I know what you are thinking, “What in the world do Simcenter electromagnetics and the Hovercraft have in common?” First of all, let’s get you all up to speed on the Hovercraft. Before the days of the Eurostar and the Chunnel, we “flew” across the Channel on these things called Hovercraft. It was noisy as heck, but only took about 35 minutes or so to cross. And the levitation-flying sensation when the air cushion activated and the engines whirled on was pretty cool even for the 1990s.
Engineering inspiration circa 1970
So back to this question: What’s the link between Simcenter electromagnetics and the Hovercraft? In the early 1970s, the Hovercraft was cutting-edge engineering technology. Floating on an air cushion propelled by power-packing engines, the Hovercraft inspired Prof. Eric Laithwaite from Imperial College London to think about applying the same principles to a “hovertrain” concept. He opted for a magnetic field cushion and electric motor for the propulsion system as you can see in this video, courtesy of the Imperial College London Archives.

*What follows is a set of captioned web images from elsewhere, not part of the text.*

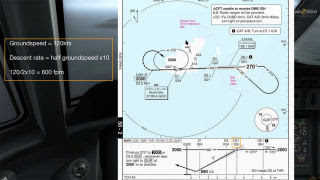 Airline2Sim - Majestic Dash 8 Q400 Cadet HD Video Training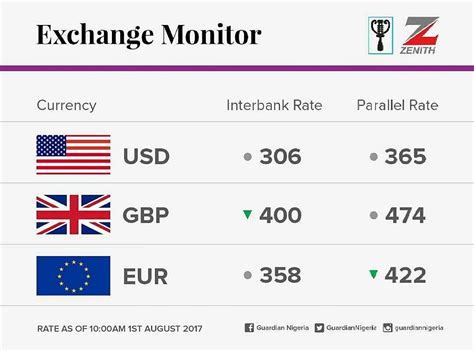 The Currency Exchange Rates For Today, August 1, 2017 - Business - Nigeria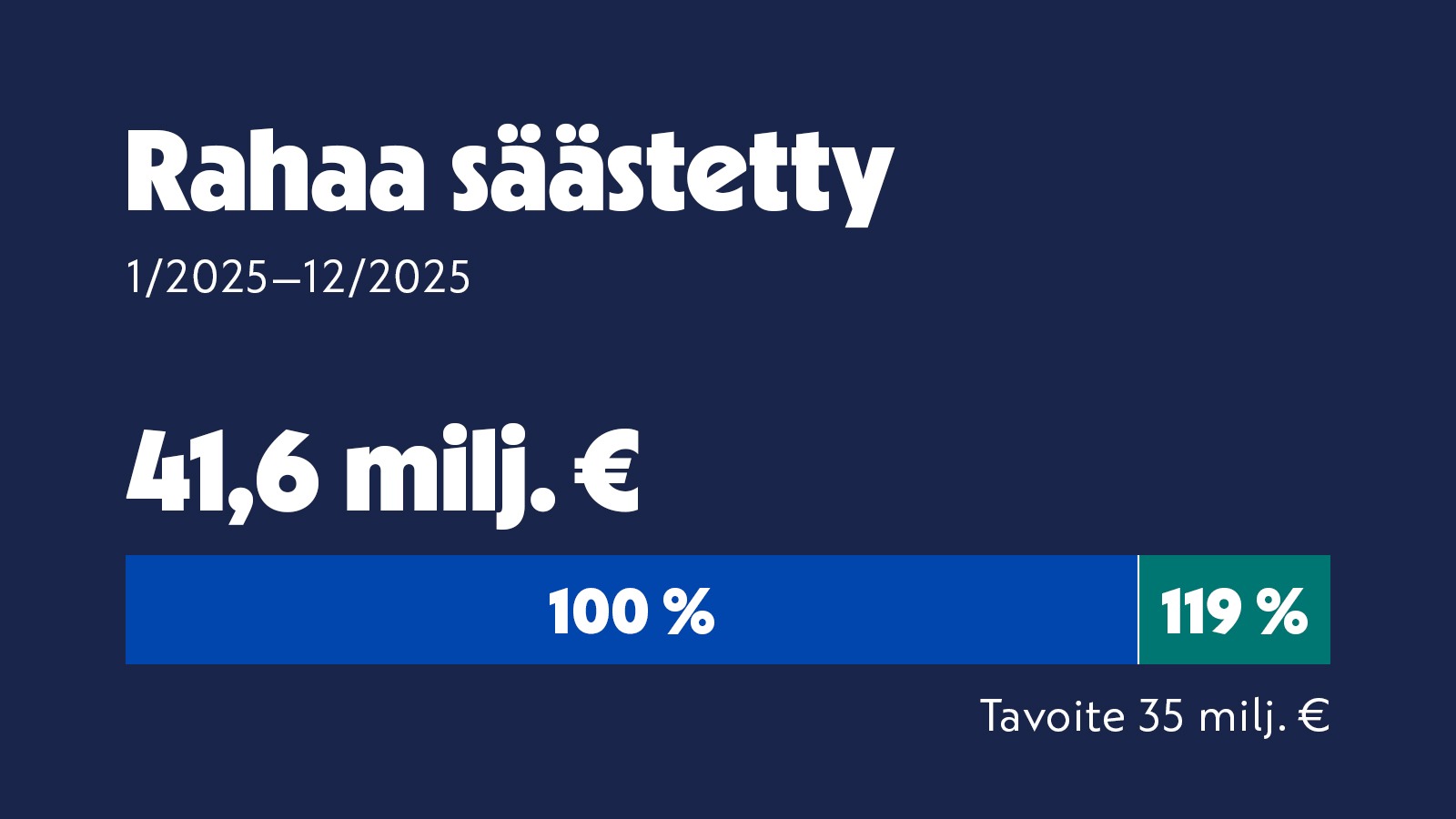 Rahaa s&auml;&auml;stetty 41,6 miljonaa euroa.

The early days of electromagnetic simulation and testing
Well, almost 50 years later, avid readers of the Simcenter blog, we are in for a little treat. Electromagnetics pioneer Dr. David Lowther, currently a professor at McGill University and Technical Director at Siemens, took some time to share his first-hand experience with us. Here’s a little excerpt from our conversation:
Pioneer Dr. David Lowther talks about the early days of electromagnetic simulation and testing.
Did you start out wanting to work in electromagnetics?
Dr. Lowther: I didn’t originally intend to get into electromagnetics. My career was going to be computers. In the 1960s and 1970s, computers were an area that was growing. It was much different than today. You wrote your code, sat there with a hole-punching machine, punched holes in your cards, waited a full day for the turnaround, then realized you had a bug in the code, and did it all again. During all this first-generation coding, a question came up: what were we going to use the computer for? That is when Peter Silvester, Ernie Freeman and I began to work on the computation of electromagnetic fields and the computer modeling of electrical machines.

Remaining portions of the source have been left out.